Et alors j’ai envie de lui dire, vous voyez quand vous enseignez le solfège - que vous devez enseigner puisque les enfants sont inscrits chez vous pour cela, et il n’y a rien d’autre, c’est la seule chose valable actuellement dans une tradition, on n’a pas trouvé d’autres écritures sauf la liberté de beaucoup d’approches du son -
si vous enseignez le solfège quand vous demandez à un enfant combien il y a de noires ou de croches dans une blanche, vous ne pouvez quand même pas lui laisser dire n’importe quoi. Sinon vous bafouez votre propre enseignement et vous leur faites croire que cela peut être aussi bien deux noires que trois noires... c’est pas possible, il ne peut pas vivre avec une transmission de savoir qui flotte sur le tout possible.
Par contre au moment où il exerce une créativité avec les moyens du bord que vous avez fait, si vous dites c’est bon ou c’est mauvais, vous vous référez à quelque chose que vous ne connaissez pas. Parce que vous n’avez pas les moyens objectifs de savoir si c’est bon ou si c’est mauvais. Vous pouvez savoir que c’est différent et que cela ne prend pas place chez vous par rapport à ce que vous connaissez.
Donc n’y aurait-il pas - je pense aux Conservatoires - la possibilité de jouer entre une forme de certitude quant à - je me réfère à un article de Prigogine ? d’il y a assez longtemps - et ce qui, par définition, n’est justement pas certain, le temps, la météorologie, la création de chacun comme étant un domaine qui existe également à part entière. Un domaine n’assassine pas l’autre, au contraire ils se nourrissent plutôt les uns des autres.
Parce que l’on voit très bien que les principes d’incertitude, la relativité, font qu’il y a des jeunes qui disent plus rien n’est sûr, tout est relatif. La Terre ne tourne pas autour du Soleil, parce que si on se place ailleurs c’est tout le système solaire... il n’y a plus rien sur lequel je puisse reposer. Pourtant ils conduisent des voitures, ils montent des escaliers. Mais c’est une forme un peu folle de retourner l’héritage où justement on était sûr d’avoir raison etc.

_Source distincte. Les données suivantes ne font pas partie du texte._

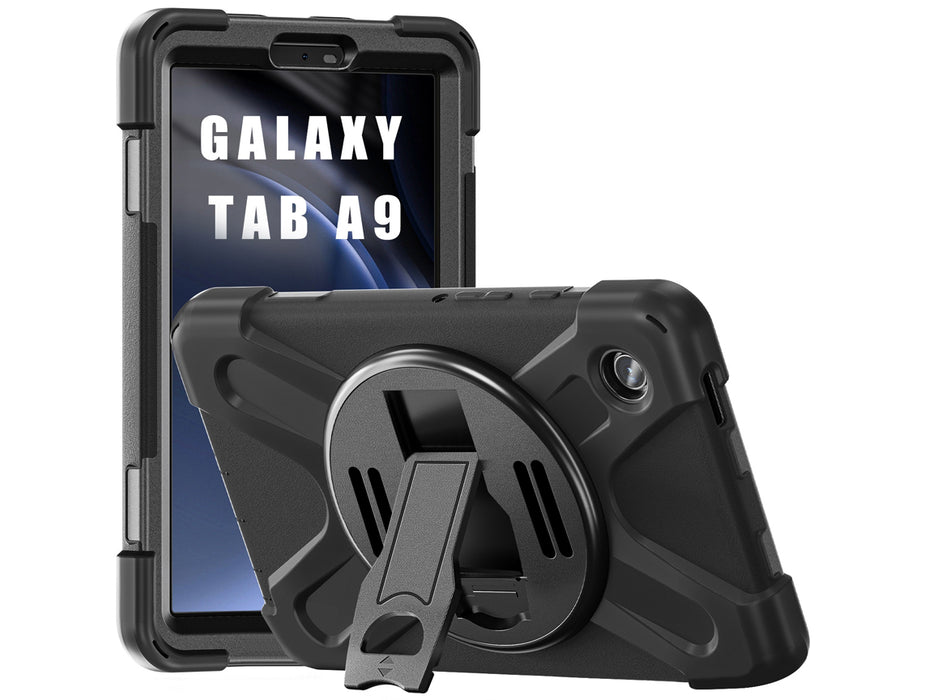 techair classic pro - Protective case for tablet - rugged - silicone, polycarbonate - black - for Samsung Galaxy Tab A9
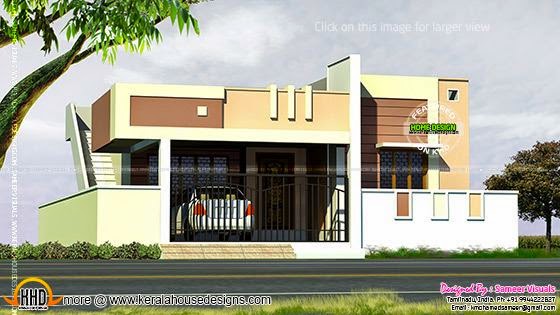 Small Tamilnadu style house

Ce niveau de relativisme où tout est relatif est tout de même assez aberrant et n’est pas très productif au niveau de leurs comportements.
D’un autre côté leur dire que tout est sûr... Et donc je suis en train de dire à ce professeur et à d’autres professeurs, ne commencez pas à leur dire que vous doutez de tout.
J’avoue que des professeurs comme Herman Sabbe ou des professeurs comme Thierry De Smet me troublent... parce qu’ils n’osent absolument pas, ils se refusent de prendre la parole pour dire "c’est comme cela", où que ce soit. Et qu’il est évident qu’il y a des jeunes qui sont perturbés par cette absence de père, cette absence de gens qui disent "écoute, c’est comme cela et si tu ne l’as pas compris, tu auras un mauvais point, c’est la dessus que je te juges etc. et je fais partie d’une société qui sait quand même ce qu’elle pense".